Belfast Telegraph

Home Sport GAA

Yes, McGuinness' men can pull off an upset... but don't put money on it

By Declan Bogue

Everywhere you go this week, it's the same question. Earnest, sensible people in Donegal are posing it; 'Have we any hope at all?'

Oh, to be a fly on the wall in Johnstown House this past week or so. Donegal will have been cooking up something tactically, but whether it is enough to reverse the odds of 1/10 on a Dublin win is questionable.

On Monday, Kevin Cassidy described the scenario at half-time of the 2011 semi-final between the two. Donegal felt they had them, being 0-4 to 0-2 up, but did not push on and take a few risks. They invited Dublin onto themselves and they punished them with converted free kicks.

However, Dublin's Barry Cahill had a different take, saying Pat Gilroy changed tack from a foot-passing game to a running game, with clumps of runners grouped together so they could dish off to men coming at angles from their shoulder.

He feels that Dublin could employ this system from the start on Sunday.

In doing so, they will have some of the most composed footballers in the country on the ball. Their half forward line of Paul Flynn, Diarmuid Connolly, along with Alan Brogan and Kevin McManamon, are playing to a system that carves open defences.

No doubt Donegal will have numbers back in defence that will prevent a glut of goal chances, but if Dublin tip over a few early points, then sooner or later Donegal will have to come out and play.

It's then that their limitations will become exposed.

Michael Murphy may go to full-forward and this is a weapon they will use at some stage, but by and large Murphy has been well marshalled by some heralded and some less-heralded full-backs this season.

And Rory O'Carroll is no ordinary full-back.

There has been a lot of speculation about Colm McFadden catching fire in time for this one, but it is hard to see a man with just two points from play all summer leading the Dublin defence a merry-dance.

Either way, they are two different teams from that time.

Donegal have won their All-Ireland and the win in 2012 feels like the peak of that team.

In 2011, Dublin were only flat-track bullies in Leinster, eternally flopping when it came to the crunch. They have won two All-Irelands since. Jim Gavin has won everything available to him over the past two years.

They have a composure and a strength in depth unrivalled in the game.

If Donegal make a substitution, it will inevitably make them weaker.
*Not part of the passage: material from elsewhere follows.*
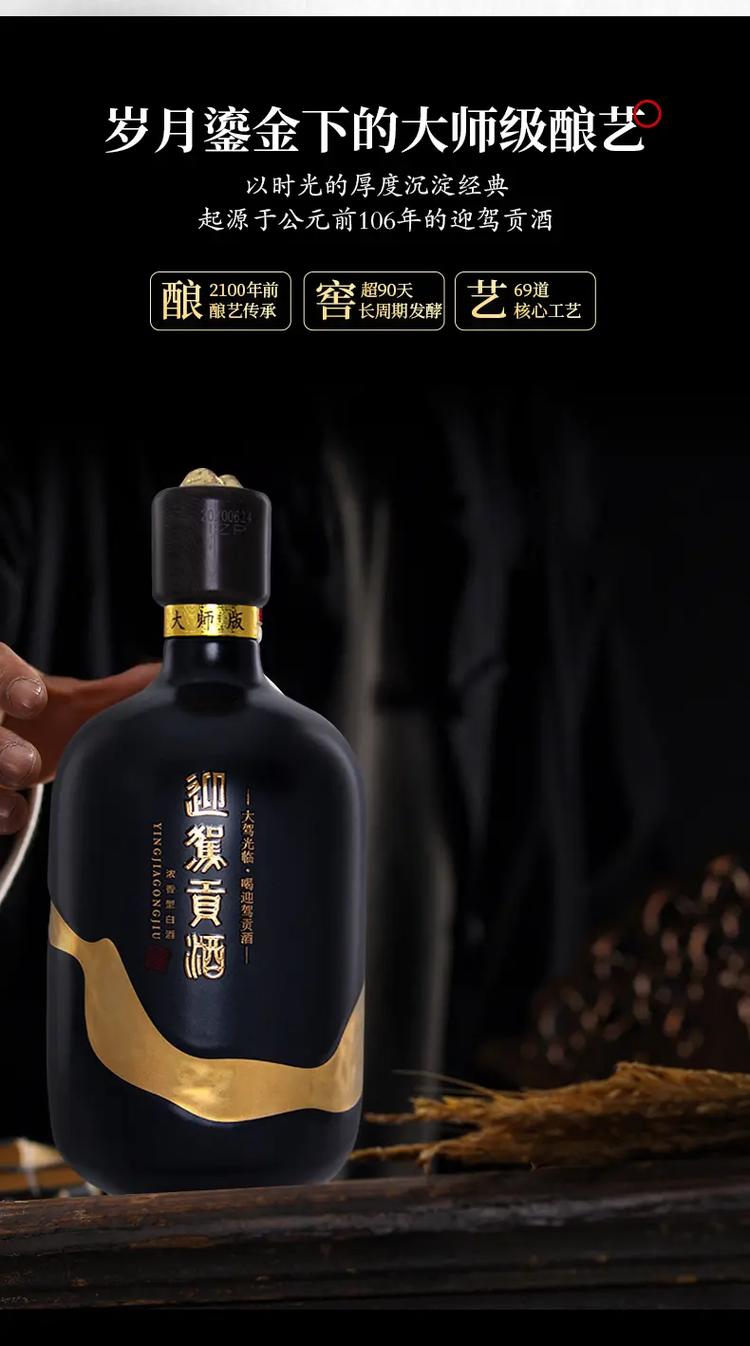 每日大赛必吃大瓜，每日大赛必吃大瓜top 必吃必吃每日高频更新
Whoever they put on, Dublin will have an answer for.

And when Gavin unloads the like of Cormac Costello, Jack McCaffrey and Dean Rock, how do Donegal cope?

Should the defensive phalanx hold tight, then how do Donegal stop the likes of Paul Flynn and Diarmuid Connolly hitting long-range scores?

And as Cassidy said, the footballing intelligence of Mark McHugh will be missed.

Yes, Donegal can win. Though, the inevitable 'but' after that assertion is too great to lay money or your reputation on.